The Boozy Bulge Battle!
With almost 200 calories in a large glass of champagne, it’s no surprise that the UAE’s brunching culture is a prime contributor to the infamous ‘Dubai stone’. And it’s not just the stomach-bloating bubbly that’s to blame, either, there’s the 7pm sofa dive and pizza delivery, not to mention the hangover-induced burger binge the next day to consider, too.
In fact, on an average boozy brunch weekend, we can consume around 3,000 extra calories thanks to alcohol, and booze-related snacking. So, you may have lived on nothing but salad all week, but any mid-week ‘good dieting’ you’ve done can be cancelled out by one 48-hour binge.
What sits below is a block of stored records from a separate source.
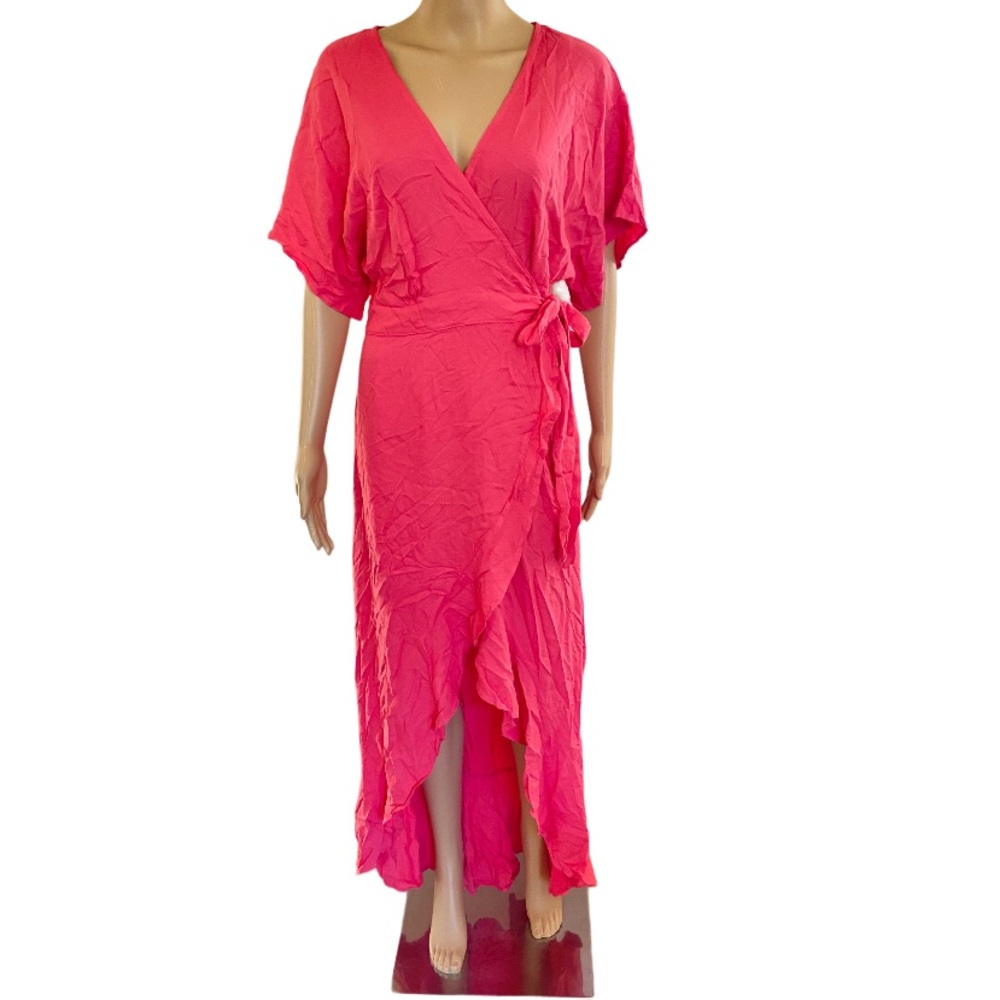 YOUNG FABULOUS & BROKE High-Low Ruffle NWT Wrap Dress Size M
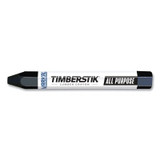 Lumber Crayon #200, 1/2 in dia, 4.75 in L, Black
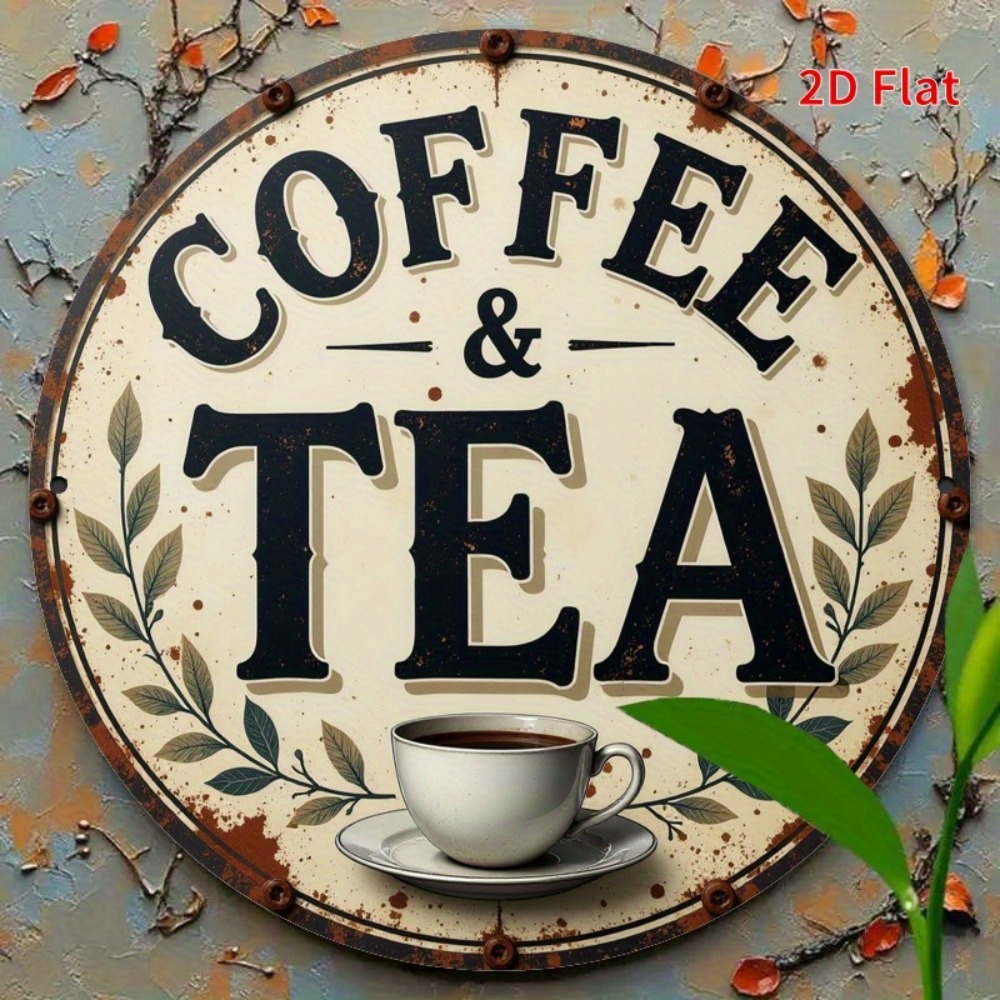 Vintage Metal Coffee Tea Sign  - مراجعة Coffee Tea For Garden وسعره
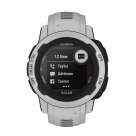 Спортивные часы Garmin Instinct 2S Solar, 40 мм, силиконовый ремешок туманно-серого цвета - фото 5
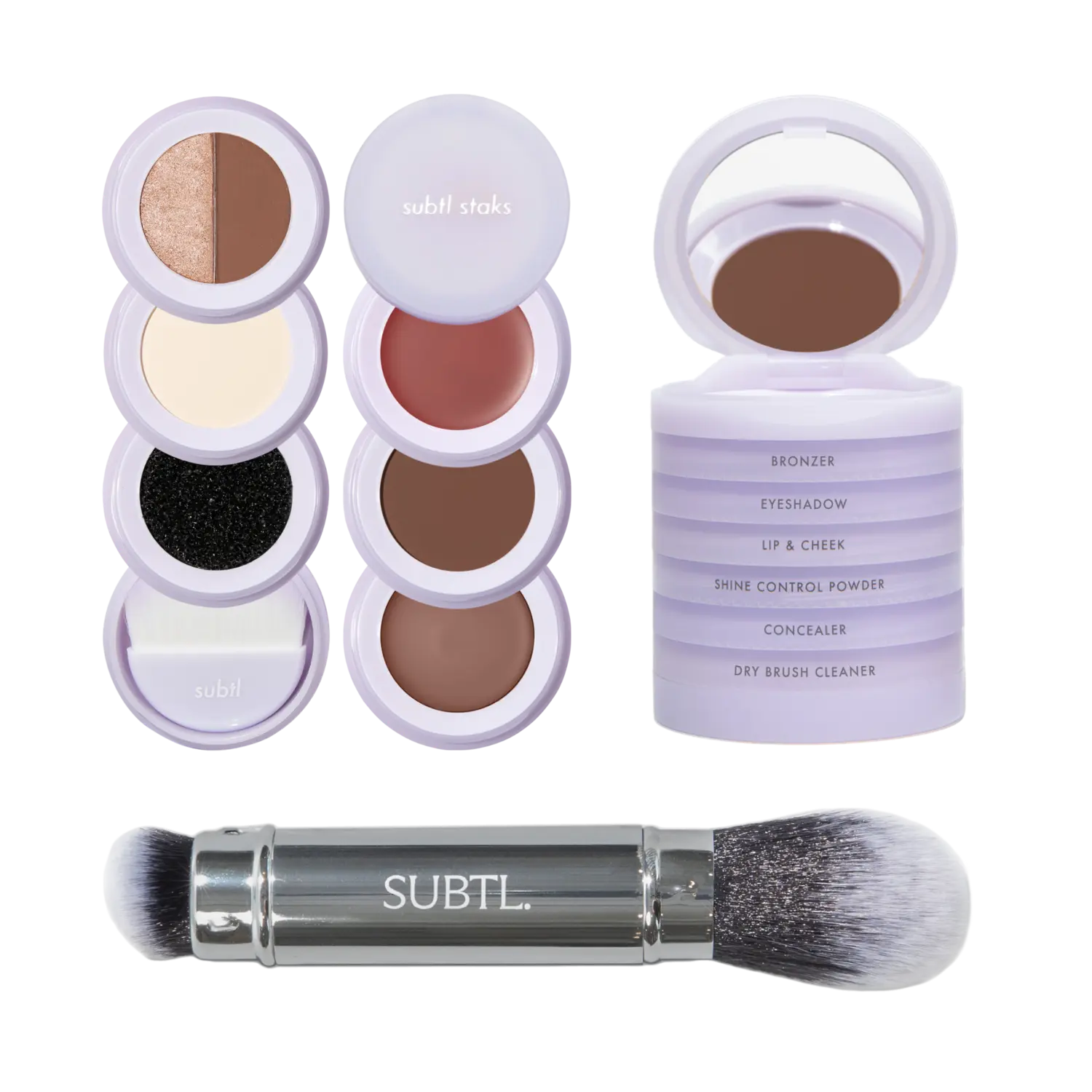 Многофункциональный набор для макияжа лица 6-в-1 с двусторонней кистью для лица SUBTL. Beauty, 020C (Deep with cool undertones)
Многофункциональный набор для макияжа лица 6-в-1 с двусторонней кистью для лица SUBTL. Beauty, 020C (Deep with cool undertones)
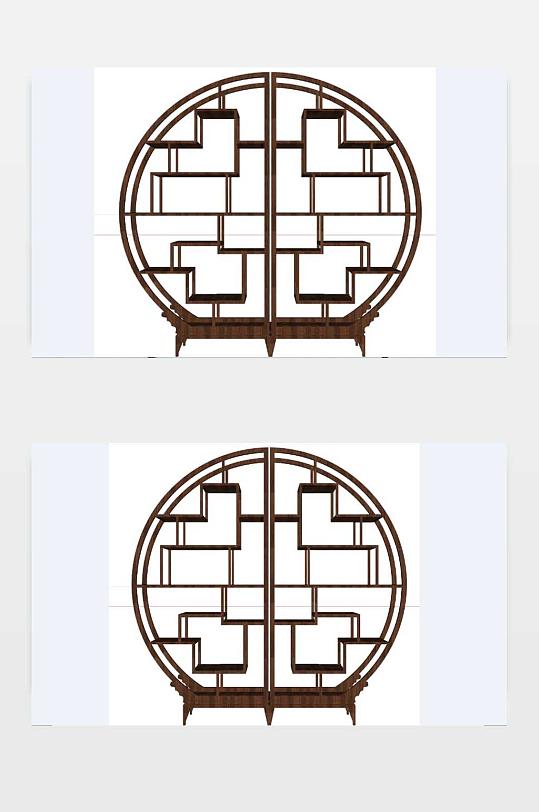 博古架SU模型图-众图网
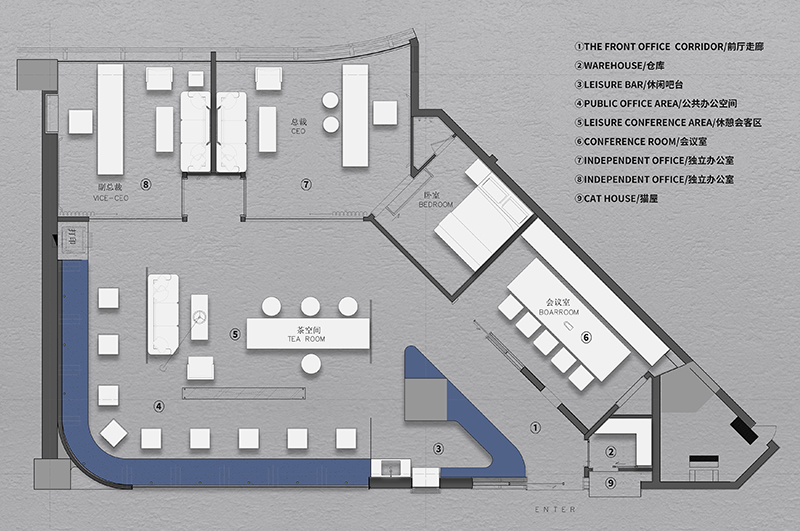辦公桌擺放風(fēng)水布局圖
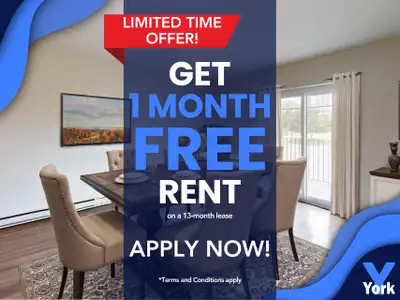 LIMITED TIME OFFER - VALID UNTIL NOVEMBER 2025 ONLY! Get 1 Month Free on a 13 month lease! Terms and...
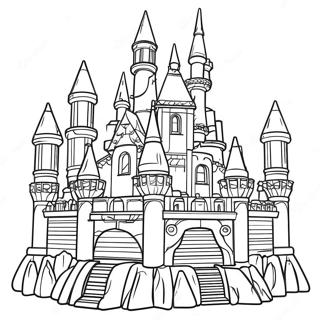 Colorful Lego Brick Castle Coloring Page 31689-13052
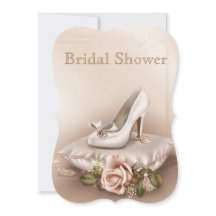 Invit för Möhippan elegant Guld och Elfenbenskuste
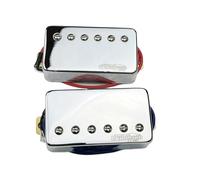 Silver Closed Electric Guitar Pickup Suitable For LP/SG And Other Guitars With Yellow And Black Frame (Color : With yellow frame)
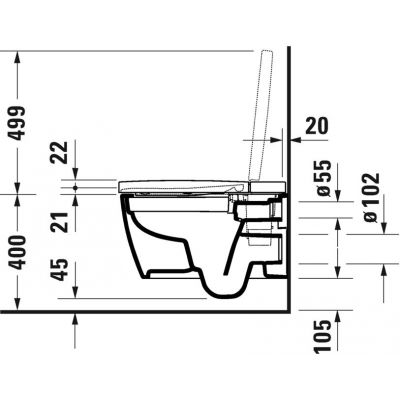 Zestaw Duravit SensoWash miska WC wisząca z deską sedesową myjącą biały (2510092000, 612000012000320)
So, how much of a difference can cutting alcohol from your diet really make? Nine kilos, according to Kate Hudson, who credits her recent weight-loss with an alcohol ban. While Britney Spears– whose booze/binge cycle was blamed for her 2008 breakdown – attributes cutting back on drink to her new toned, 10-kilos-lighter bod.
But, even if you don’t want to ban booze completely, even cutting down can make a dramatic difference. Liz Hurley has switched out her wine – which can contain almost 150 calories per large glass – for 50-calories-a-glass vodka instead.
“I don’t miss having a glass of wine because I’ve switched to vodka,” says the actress. “If I’m at a party, I have a small one with a lot of fizzy water and a huge squeeze of lime.”
Even former party animal Kate Mosshas rationed her drinking quota, limiting her alcohol intake to the weekends, guzzling water during the week – and the results are evident in her glowing complexion.
“She is now eating three regular healthy meals a day. She is also drinking two litres of water a day,” spilled a friend of the super. “Her alcohol consumption is being limited to only when she goes out and she has made a pact with Jamie that she will try not to drink during the week.”
According to liver specialists, having at least three alcohol-free days a week can dramatically reduce associated health risks, while switching to smaller measures – for example, a 125ml glass of wine instead of a 175ml glass – will reduce your intake when you do drink.
“Abstain from sugary mixers and drink wine, light beer, or spirits mixed with club soda, and only in moderation,” advises LA-based dietician Ashley Koff, who also advocates maximising hydration to avoid the after-effects of booze.
“Be sure to hydrate not only with water, but with water-based fruits and veggies and potassium-rich coconut water and avocado.”